Starring: Armie Hammer, Geoffrey Rush, Clémence Poésy
Directed by: Stanley Tucci (“Big Night”)
Written by: Stanley Tucci (“Big Night”)

While it’s usually never great to see “how the sausage is made” in most industries, there’s always been something intriguing — at least from a cinematic perspective — about peeking into the life of an artist and witnessing the inspiration, imagination and sometimes ugliness that permeates the creative process.

From the obsessed filmmaker Guido Anselmi (Marcello Mastroianni) in Federico Fellini’s 1963 surreal Italian classic “8½” to last year’s neurotic dressmaker Reynolds Woodcock (Daniel Day-Lewis) in Paul Thomas Anderson’s romantic, stylish and strange drama “Phantom Thread,” watching masters at work (or in pain from their inability to create) makes for some fascinating substance for character analysis.

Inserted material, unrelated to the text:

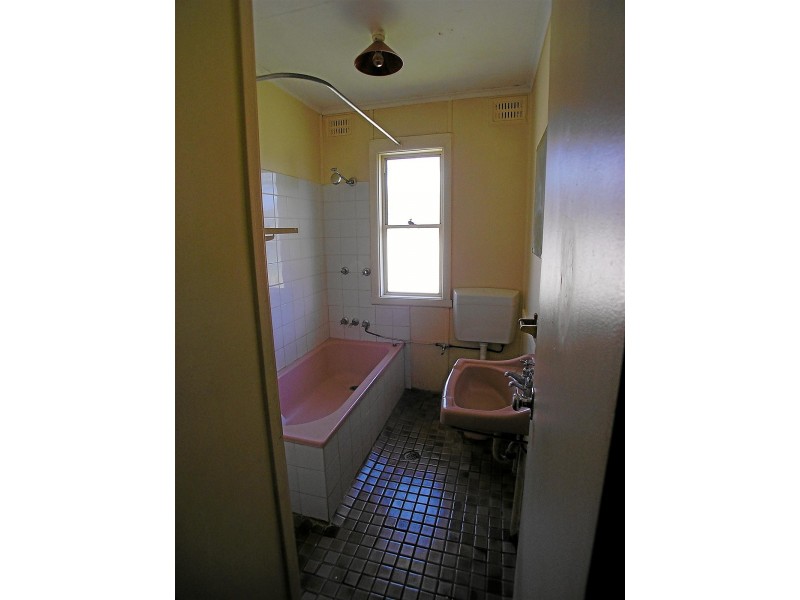 47 Burrendong Way, Orange NSW 2800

It’s especially true when documentarians are able to identify a compelling subject whose passion for their craft knows no limits and details something as specialized as video-game design (“Indie Game: The Movie”) or method acting (“Jim & Andy: The Great Beyond”) or even preparing sushi (“Jiro Dreams of Sushi”). The subgenre is one that extends across countless disciplines – none as tempestuous as visual art.

Although the tortured artist is a cliché that is often overemphasized, a number of biopics and docs such as “Basquiat,” “Pollack,” “Ai Wei Wei: Never Sorry” and “Gerhard Richter Painting,” have proven that each of these artists’ insight is worthy of a deep dive into learning what makes them tick. The same can’t be said, unfortunately, about “Final Portrait,” a shallow, British-American drama that offers no real substance behind the paper-thin narrative and characters presented by Oscar-nominated actor-turned-filmmaker Stanley Tucci (“The Lovely Bones”).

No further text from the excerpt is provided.